## Prompt
Should a line below contain the word "Blue", report it.

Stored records
——

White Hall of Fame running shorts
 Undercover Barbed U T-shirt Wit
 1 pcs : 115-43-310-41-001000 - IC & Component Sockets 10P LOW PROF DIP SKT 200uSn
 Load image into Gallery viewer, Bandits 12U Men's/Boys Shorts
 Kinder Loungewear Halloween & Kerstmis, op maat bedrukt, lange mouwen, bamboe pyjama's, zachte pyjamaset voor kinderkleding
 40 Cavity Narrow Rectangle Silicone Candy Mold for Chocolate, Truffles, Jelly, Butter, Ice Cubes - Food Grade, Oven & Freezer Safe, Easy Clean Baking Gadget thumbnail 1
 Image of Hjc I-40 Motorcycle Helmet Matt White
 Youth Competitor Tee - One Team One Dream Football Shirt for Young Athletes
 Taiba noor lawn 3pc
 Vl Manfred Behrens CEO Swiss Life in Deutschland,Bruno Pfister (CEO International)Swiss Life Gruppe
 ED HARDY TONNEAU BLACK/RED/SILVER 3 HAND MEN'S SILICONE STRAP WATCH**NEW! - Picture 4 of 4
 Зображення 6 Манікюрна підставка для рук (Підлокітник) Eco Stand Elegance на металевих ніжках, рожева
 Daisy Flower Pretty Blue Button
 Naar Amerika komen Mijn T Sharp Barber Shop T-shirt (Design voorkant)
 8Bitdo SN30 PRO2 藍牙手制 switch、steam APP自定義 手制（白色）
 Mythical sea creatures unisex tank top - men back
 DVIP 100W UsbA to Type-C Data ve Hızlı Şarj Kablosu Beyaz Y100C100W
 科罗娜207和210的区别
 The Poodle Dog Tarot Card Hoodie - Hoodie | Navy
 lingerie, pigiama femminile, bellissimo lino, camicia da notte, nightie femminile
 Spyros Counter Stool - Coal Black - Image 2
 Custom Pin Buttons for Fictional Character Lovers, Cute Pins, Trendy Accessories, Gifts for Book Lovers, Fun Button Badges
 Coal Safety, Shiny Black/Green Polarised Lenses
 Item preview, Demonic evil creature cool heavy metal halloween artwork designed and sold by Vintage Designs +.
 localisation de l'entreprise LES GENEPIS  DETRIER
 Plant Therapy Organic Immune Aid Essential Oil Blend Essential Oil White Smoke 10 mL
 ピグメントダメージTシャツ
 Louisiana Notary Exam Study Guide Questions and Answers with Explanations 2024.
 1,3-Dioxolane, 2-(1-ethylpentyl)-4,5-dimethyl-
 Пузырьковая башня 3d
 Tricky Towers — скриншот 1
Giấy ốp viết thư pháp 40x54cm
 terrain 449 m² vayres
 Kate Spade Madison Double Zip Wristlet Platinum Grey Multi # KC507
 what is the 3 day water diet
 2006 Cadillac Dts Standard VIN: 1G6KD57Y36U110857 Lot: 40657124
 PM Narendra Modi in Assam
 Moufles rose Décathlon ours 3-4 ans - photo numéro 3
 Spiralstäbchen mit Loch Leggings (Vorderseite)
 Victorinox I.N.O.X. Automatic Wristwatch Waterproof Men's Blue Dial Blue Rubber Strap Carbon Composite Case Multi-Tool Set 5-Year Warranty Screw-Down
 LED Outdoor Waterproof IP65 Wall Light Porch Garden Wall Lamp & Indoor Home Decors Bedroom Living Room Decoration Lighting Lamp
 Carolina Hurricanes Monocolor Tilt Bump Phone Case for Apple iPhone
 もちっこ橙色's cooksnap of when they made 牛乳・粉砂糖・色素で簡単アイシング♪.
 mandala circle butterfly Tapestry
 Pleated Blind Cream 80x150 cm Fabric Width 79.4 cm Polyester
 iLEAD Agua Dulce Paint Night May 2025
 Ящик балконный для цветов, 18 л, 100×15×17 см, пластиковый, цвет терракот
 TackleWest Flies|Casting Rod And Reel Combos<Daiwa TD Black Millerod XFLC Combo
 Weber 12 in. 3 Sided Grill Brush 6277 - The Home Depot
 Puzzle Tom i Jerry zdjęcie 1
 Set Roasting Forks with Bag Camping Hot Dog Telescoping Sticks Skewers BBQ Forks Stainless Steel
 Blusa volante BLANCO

——

## Result
 Daisy Flower Pretty Blue Button
 Victorinox I.N.O.X. Automatic Wristwatch Waterproof Men's Blue Dial Blue Rubber Strap Carbon Composite Case Multi-Tool Set 5-Year Warranty Screw-Down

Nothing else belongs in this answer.